I have to admit I truly hate ironing. It’s probably my least favorite chore, and I tend to leave it for Sunday afternoons, when I pretty much have to iron to have clothes for the work week.
So today after church, I set up the ironing board and got to work, mumbling under my breath about how I hate ironing. Then it occurred to me that if I thought about it, there might be a leadership lesson in the activity – something like Chris LoCurto finding leadership lessons at restaurants or on the racetrack.
Delegation? Not really, no one to delegate it to. Time management? I do tend to put it off until there are no clothes left to wear. But nothing seemed quite right.
I just let my mind wander.
Then I realized the key.
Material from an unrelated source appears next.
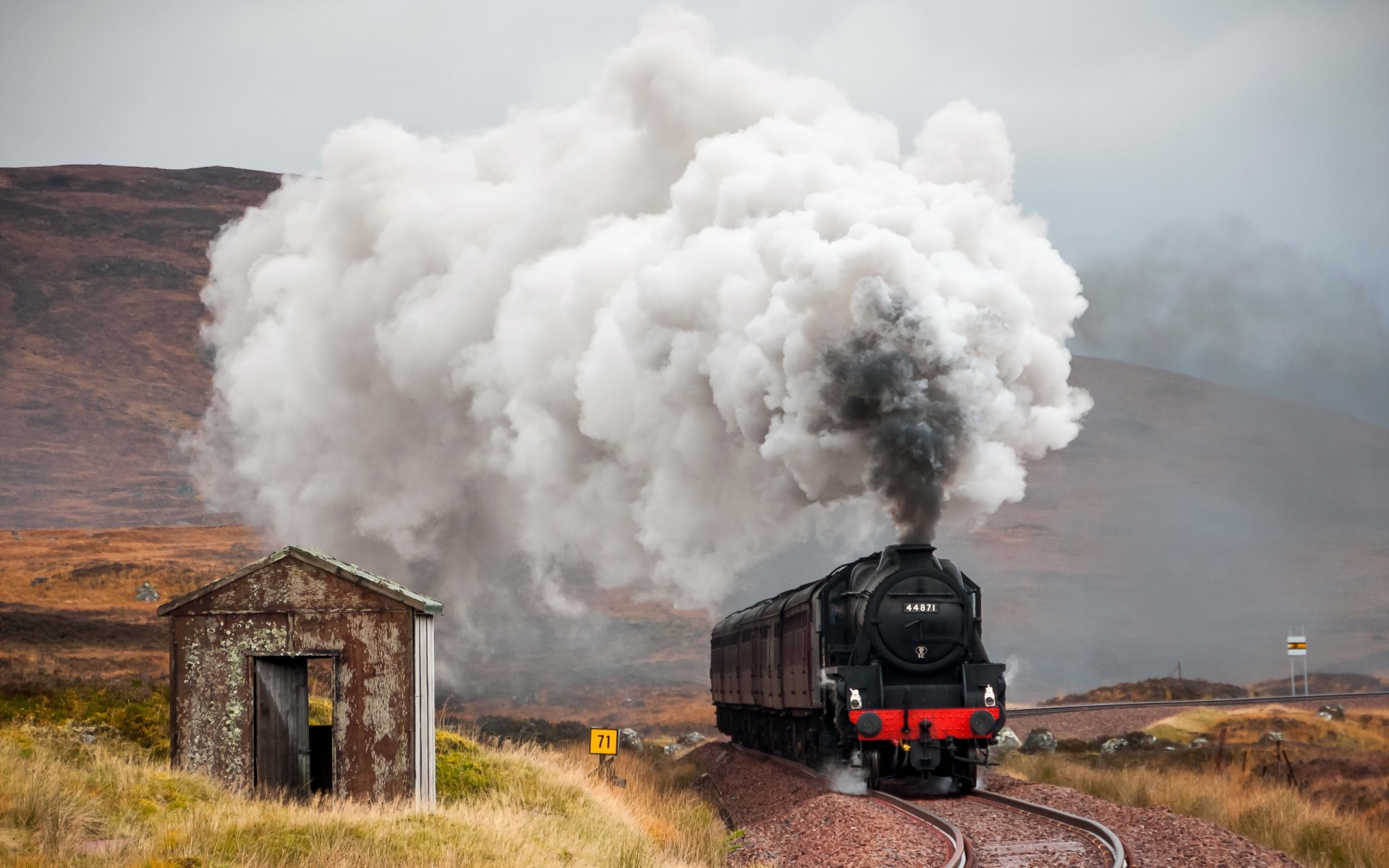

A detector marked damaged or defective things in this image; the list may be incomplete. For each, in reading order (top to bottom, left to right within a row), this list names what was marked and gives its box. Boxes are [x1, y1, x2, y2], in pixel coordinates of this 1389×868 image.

rusty old shed [162, 547, 446, 804]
Contemplative time.
Once I quit telling myself how much I hated what I was doing, it was a great opportunity to let my mind unhook. No agenda, no distractions, no plan. Just me and my thoughts.
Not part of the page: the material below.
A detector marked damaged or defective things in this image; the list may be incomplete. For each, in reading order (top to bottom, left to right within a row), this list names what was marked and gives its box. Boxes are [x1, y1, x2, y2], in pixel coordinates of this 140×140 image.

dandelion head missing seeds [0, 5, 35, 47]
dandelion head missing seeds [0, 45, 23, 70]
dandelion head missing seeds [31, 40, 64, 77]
I am not often still. I am amazed at people who meditate. I always have lists, deadlines, projects, email, social media, reading, writing. There’s always something to work on, and when I’m not working, I’m figuring out what is next on the list to be accomplished. My mind is always active and ideas tend to get muddled.
But today was different. It was quiet, with no TV, music, or electronics so my mind could drift. I thought about this blog. I mulled over the sermon from church this morning. For once in a long time, the “noise” of obligations quieted.
It was refreshing.
Yes, you read that right – ironing was refreshing. Amazing.
I realize I need to seek more opportunities like that to allow for contemplation. Maybe while doing the dishes. While running, certainly.
And I need to be proactive about it – seek time after church, or after a leadership conference, or a powerful podcast to allow time to process what I’ve heard.
So my question for you is this, do you allow yourself contemplative time? If so, how much more effective does it make you as a leader, spouse, parent, or co-worker?